◆ What you will do:
Print exactly the lines below between the line holding "Thankful Memaw - Sleeve" and the line holding "Nilson Oversized Organic-cotton", inclusive, and nothing more.

◆ Data for this task:

§

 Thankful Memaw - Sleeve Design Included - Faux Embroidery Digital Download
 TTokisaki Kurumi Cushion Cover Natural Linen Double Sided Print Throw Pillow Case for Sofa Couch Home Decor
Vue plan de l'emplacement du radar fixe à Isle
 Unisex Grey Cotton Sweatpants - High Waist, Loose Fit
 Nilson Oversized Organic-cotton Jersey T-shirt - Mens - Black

§

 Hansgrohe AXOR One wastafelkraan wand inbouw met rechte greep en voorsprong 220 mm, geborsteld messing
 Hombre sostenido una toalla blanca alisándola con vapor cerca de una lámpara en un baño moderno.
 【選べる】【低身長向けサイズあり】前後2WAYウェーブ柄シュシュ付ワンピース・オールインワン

§

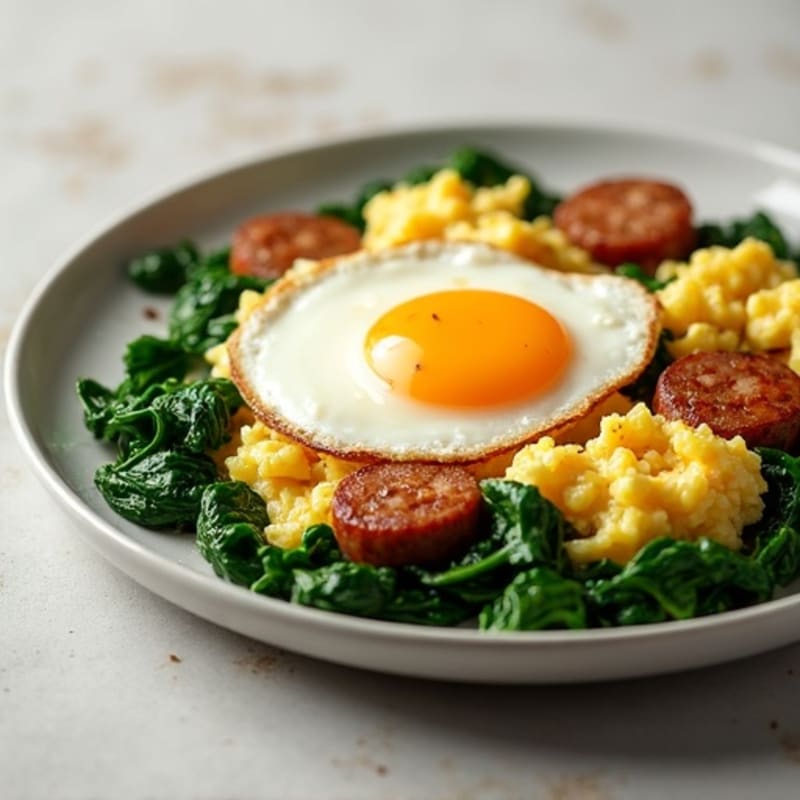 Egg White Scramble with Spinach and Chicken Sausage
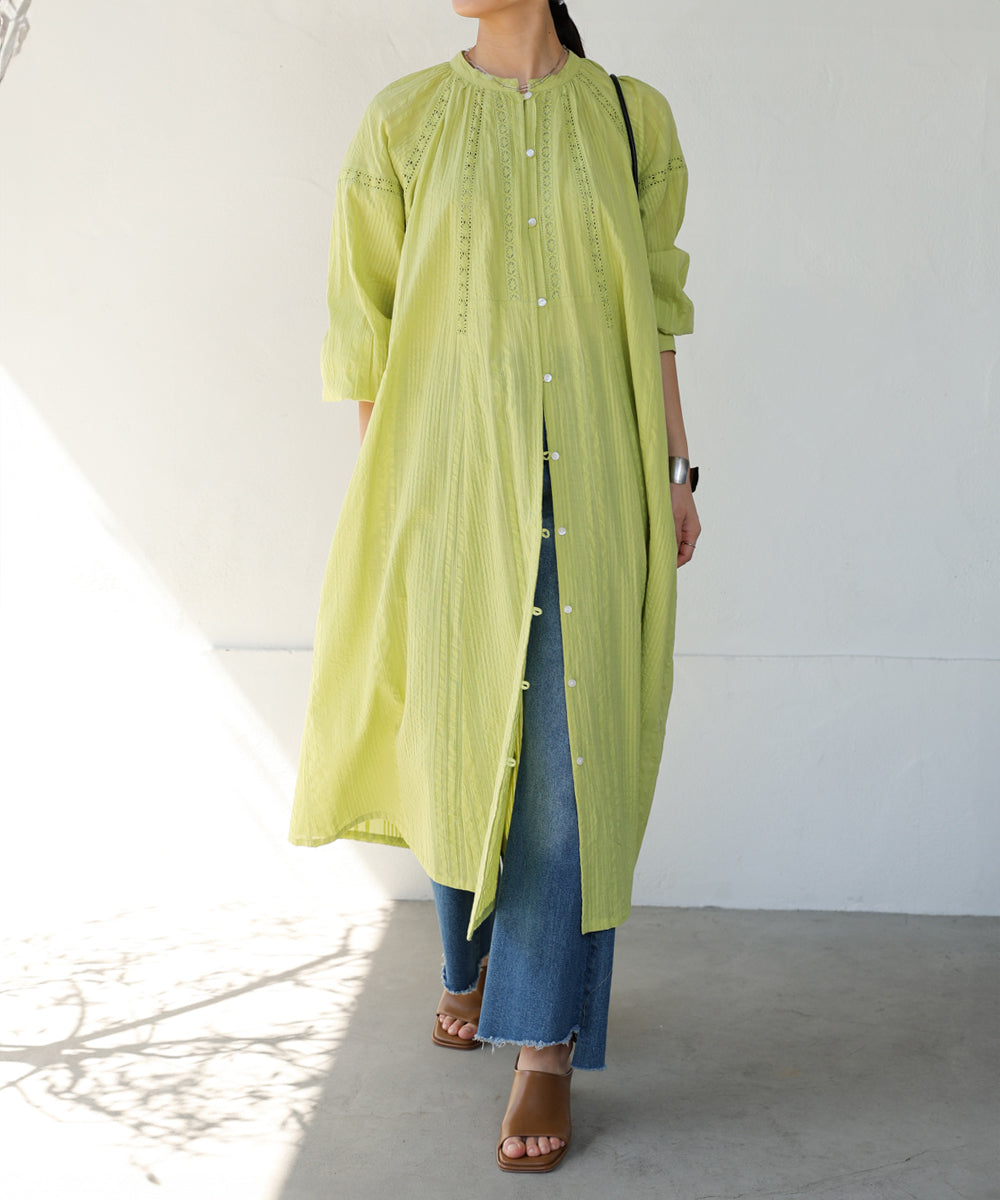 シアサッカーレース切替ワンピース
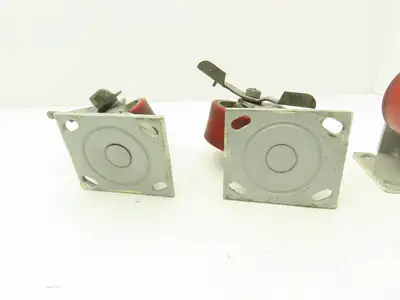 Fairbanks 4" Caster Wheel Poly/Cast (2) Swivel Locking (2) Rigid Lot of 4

§

◆ Exercise result:
 Thankful Memaw - Sleeve Design Included - Faux Embroidery Digital Download
 TTokisaki Kurumi Cushion Cover Natural Linen Double Sided Print Throw Pillow Case for Sofa Couch Home Decor
Vue plan de l'emplacement du radar fixe à Isle
 Unisex Grey Cotton Sweatpants - High Waist, Loose Fit
 Nilson Oversized Organic-cotton Jersey T-shirt - Mens - Black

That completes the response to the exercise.